(EXTRACTED DATA begins)
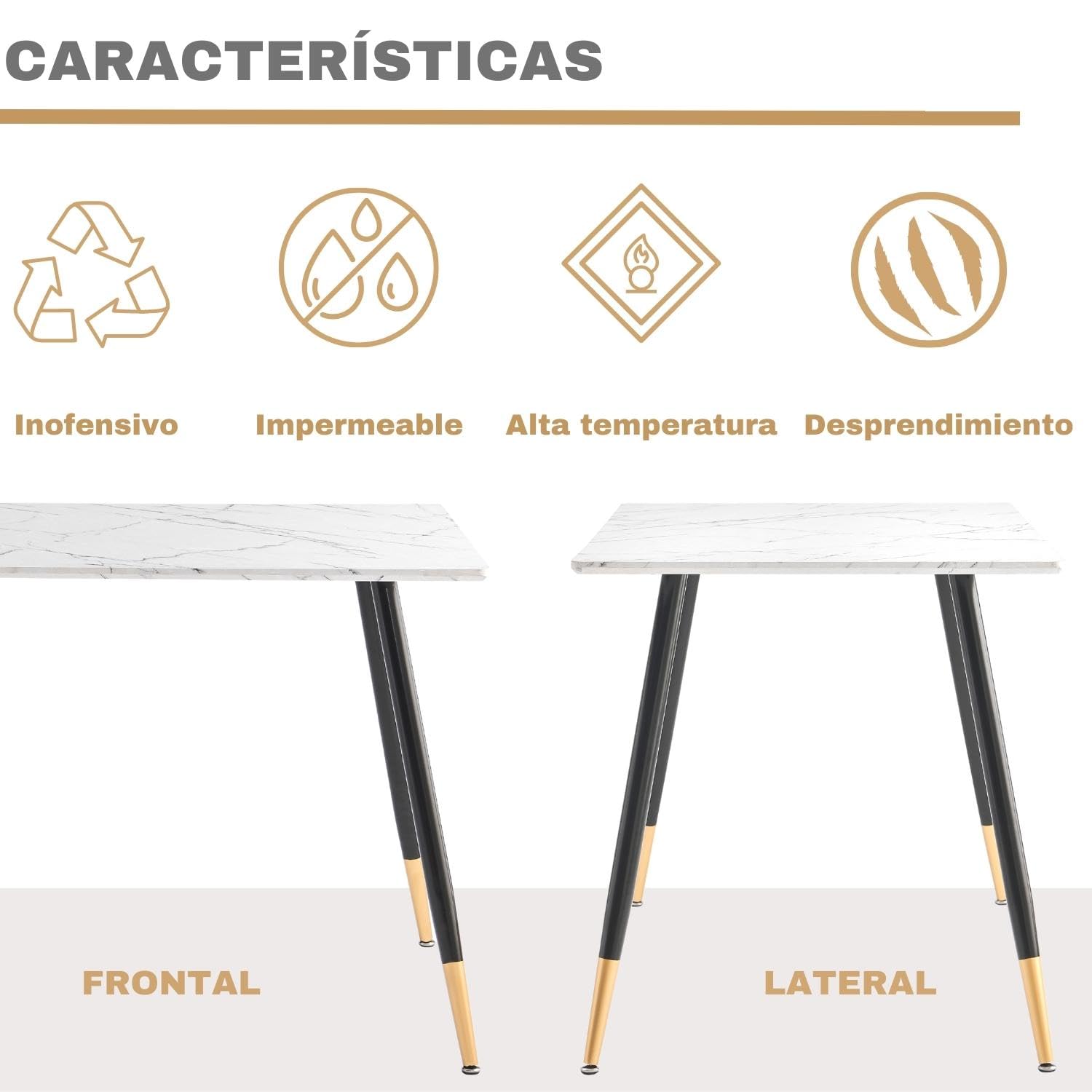 Mesa De Comedor Marble Estilo Eames Rectangular Whalen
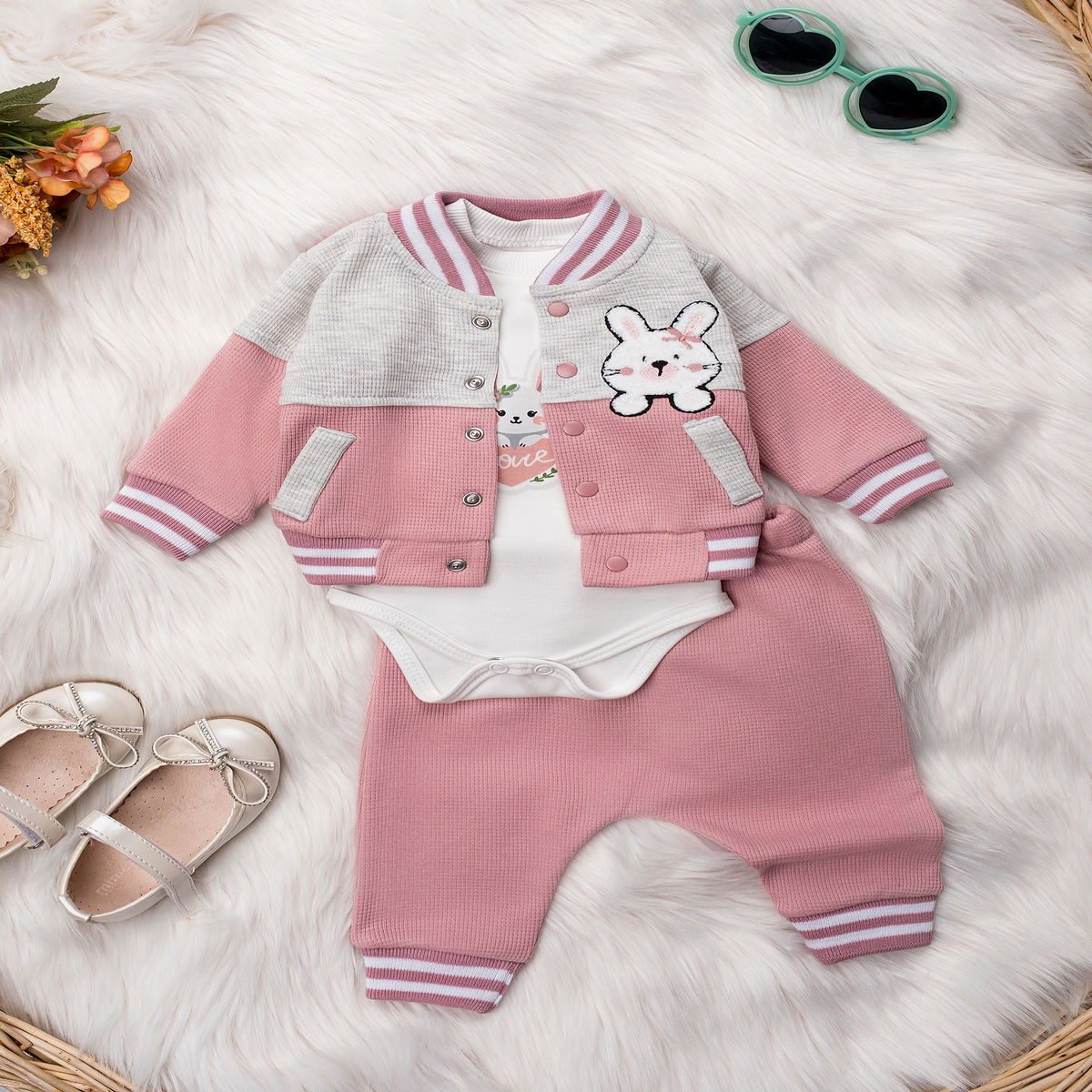 1472 TAVŞAN NAKIŞLI WAFFWL ÜÇLÜ TAKIM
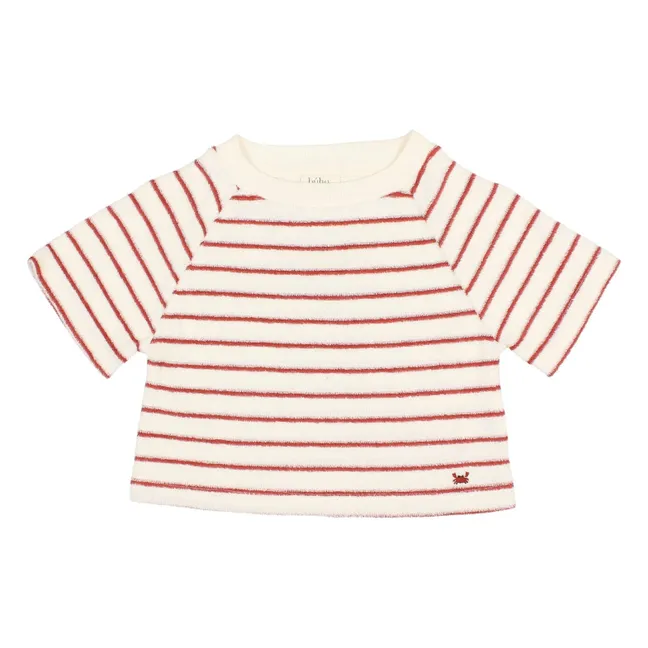 T-Shirt Terry Streifen Frottee Bio-Baumwolle | Rot
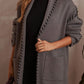 Fashion Contrast Stitch Duster Coat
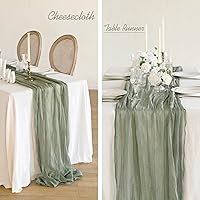 Vista 287 de Showgeous 10 Pack Baby Pink Cheesecloth Table Runner 10FT Long Semi-Sheer Gauze Table Runner Boho or Rustic Wedding Decor for Wedding Decor Arch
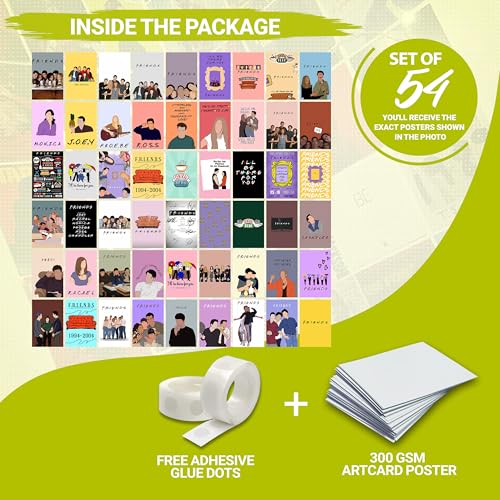Image of Pack of 54 Friends Wall Collage Kit Posters - 4 x 6 Inches Posters for Wall Decoration - Wall Art For Bedroom, Office, Living room, Dorm room - Glue Dots Included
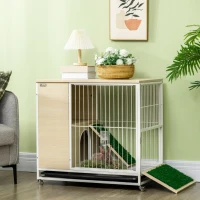 PawHut Conejera de Madera con Ruedas de Interior con Techo Abrible Bandeja Extraíble Bebedero y Rampa 78x52,5x76,5 cm Roble(m-10)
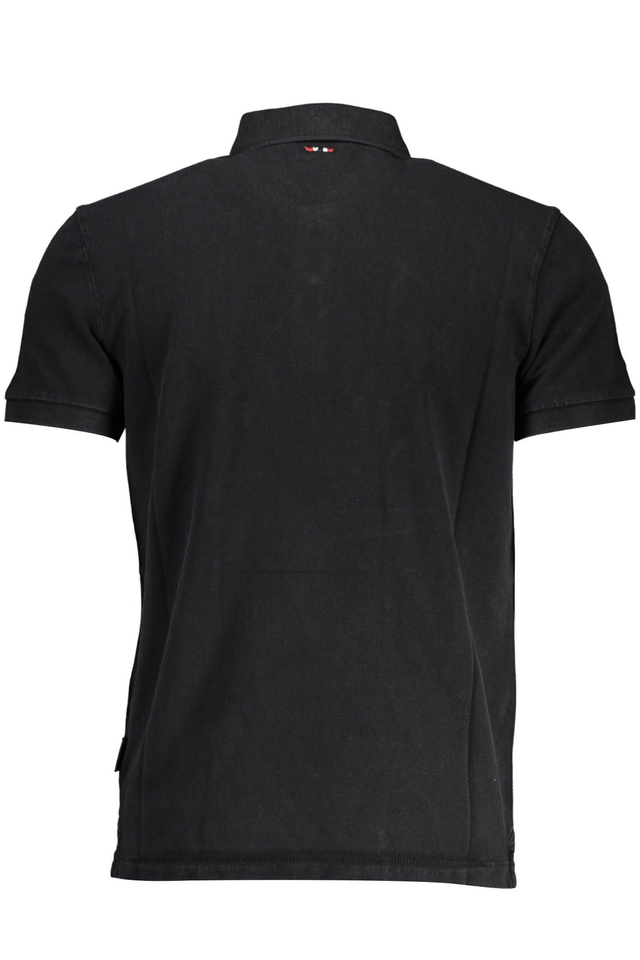3434NAPAPIJRI POLO MANICHE CORTE UOMO NERO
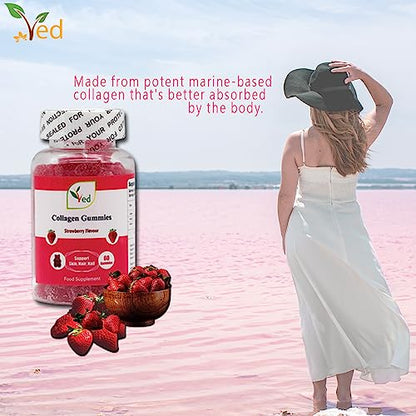 Ved Collagen Gummies; Chew Gummies Strawberry Flavour, Raw Unfiltered Collagen Gummies VedBuy Supplements Australia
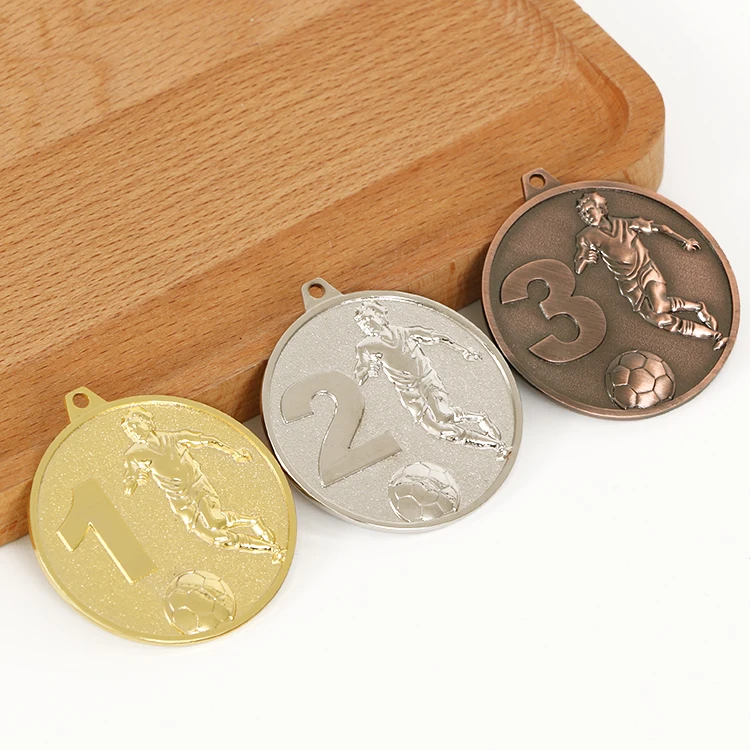 Cheap Award Football Metal Medals Iron Custom Soccer Medals And Trophies Sport Cut Out Medal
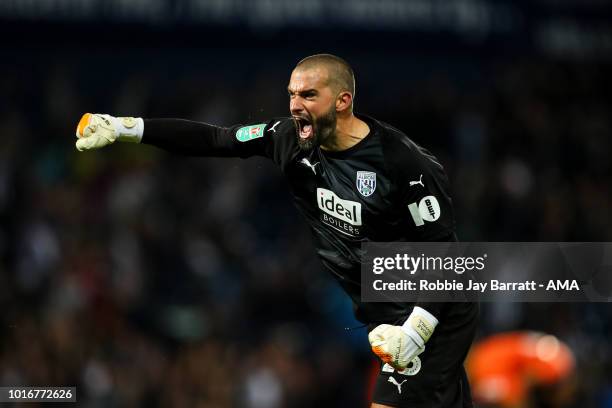 Boaz Myhill of West Bromwich Albion celebrates after the first goal during the Carabao Cup First Round match between West Bromwich Albion and Luton...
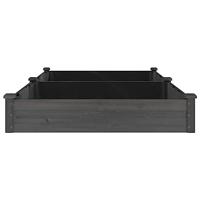 Plantenbak verhoogd met voering 240x120x25 cm vurenhout grijs - thumbnail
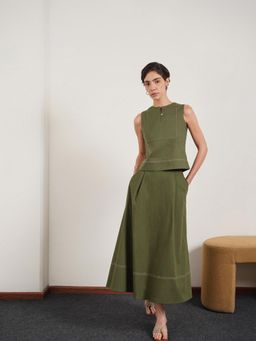 FABLE STREET - Green Solid Cotton Sleeveless Co Ord Set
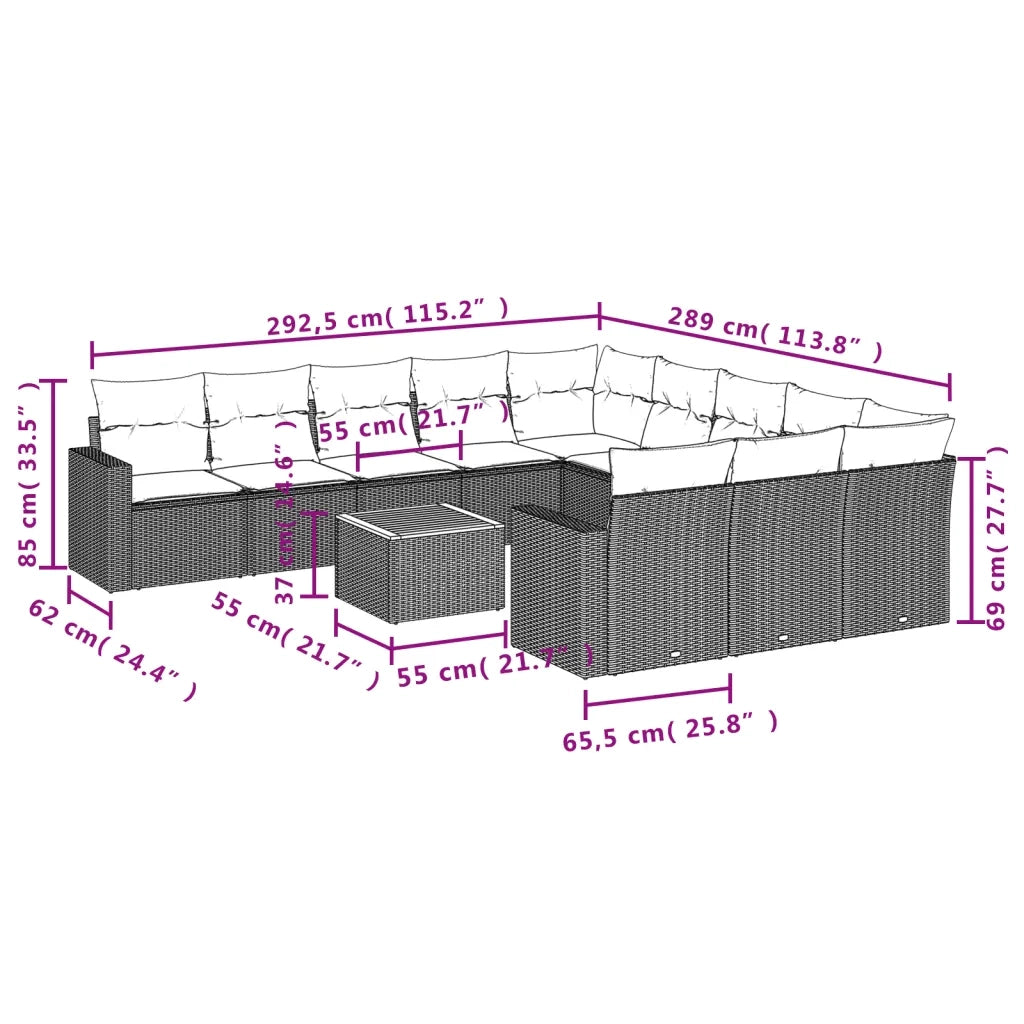 Set Divani da Giardino 12 pz con Cuscini Nero in Polyrattan 3224348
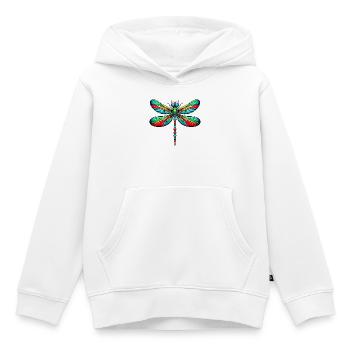 Dragonfly - Kids Premium Organic Hoodie - white - Front - AI Model Kid Female (0cm)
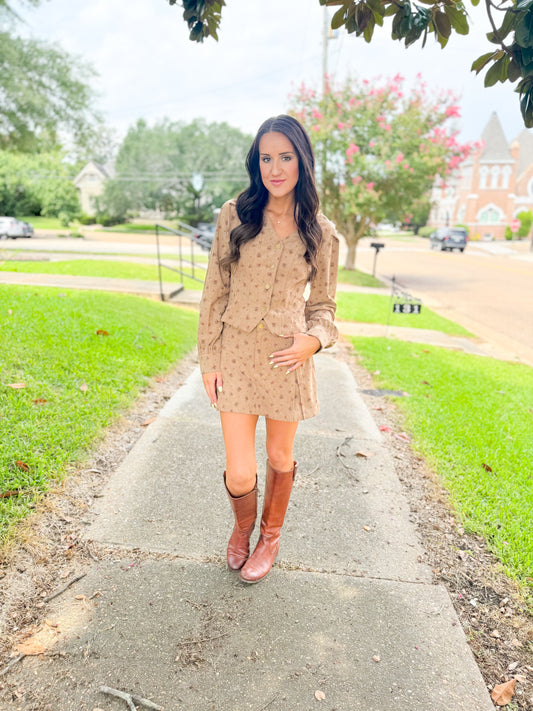 Floral Mocha Corduroy Set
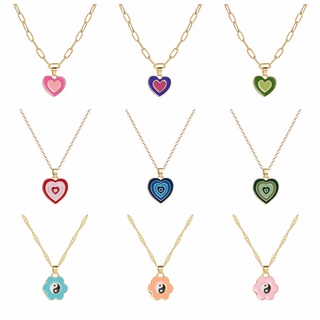Y2K Vintage Colorful Multilayered Heart Necklace For Women Girls Lovers Fashion Thin Chain Trendy Necklaces Jewelry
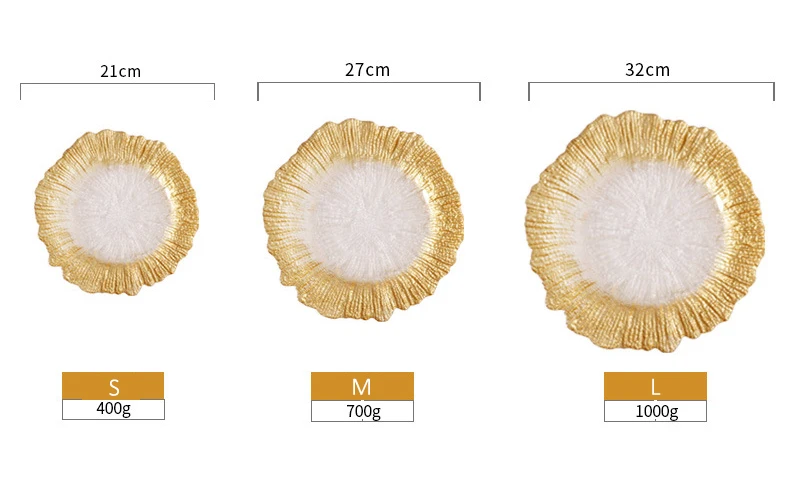 Wholesale China plates reef gold unbreakable transparent glass plates bulk clear wedding crystal charger plate with gold rim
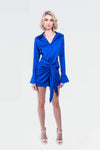 Boa Long Sleeve Mini Dress in Blue Topaz - Ché by Chelsey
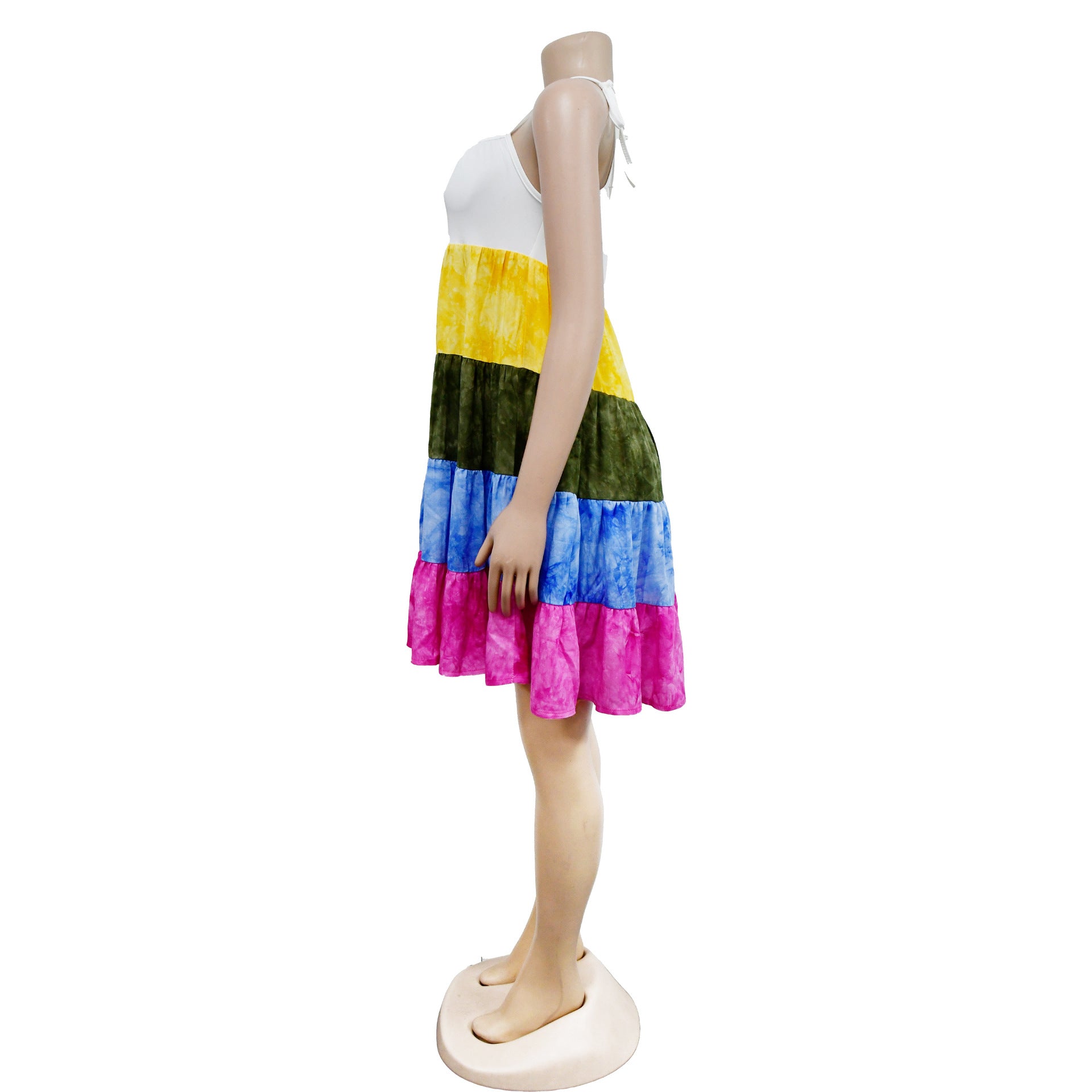 Fashion Ladies Gradient Print Multicolor Sleeveless Sleeveless Dress 12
(EXTRACTED DATA ends)
TO DO: Emit the lines of the material exactly, from its first line to the line containing "Fashion Contrast Stitch Duster Coat", inclusive; leave every picture out.

RESPONSE:
 Mesa De Comedor Marble Estilo Eames Rectangular Whalen
 1472 TAVŞAN NAKIŞLI WAFFWL ÜÇLÜ TAKIM
 T-Shirt Terry Streifen Frottee Bio-Baumwolle | Rot
 Fashion Contrast Stitch Duster Coat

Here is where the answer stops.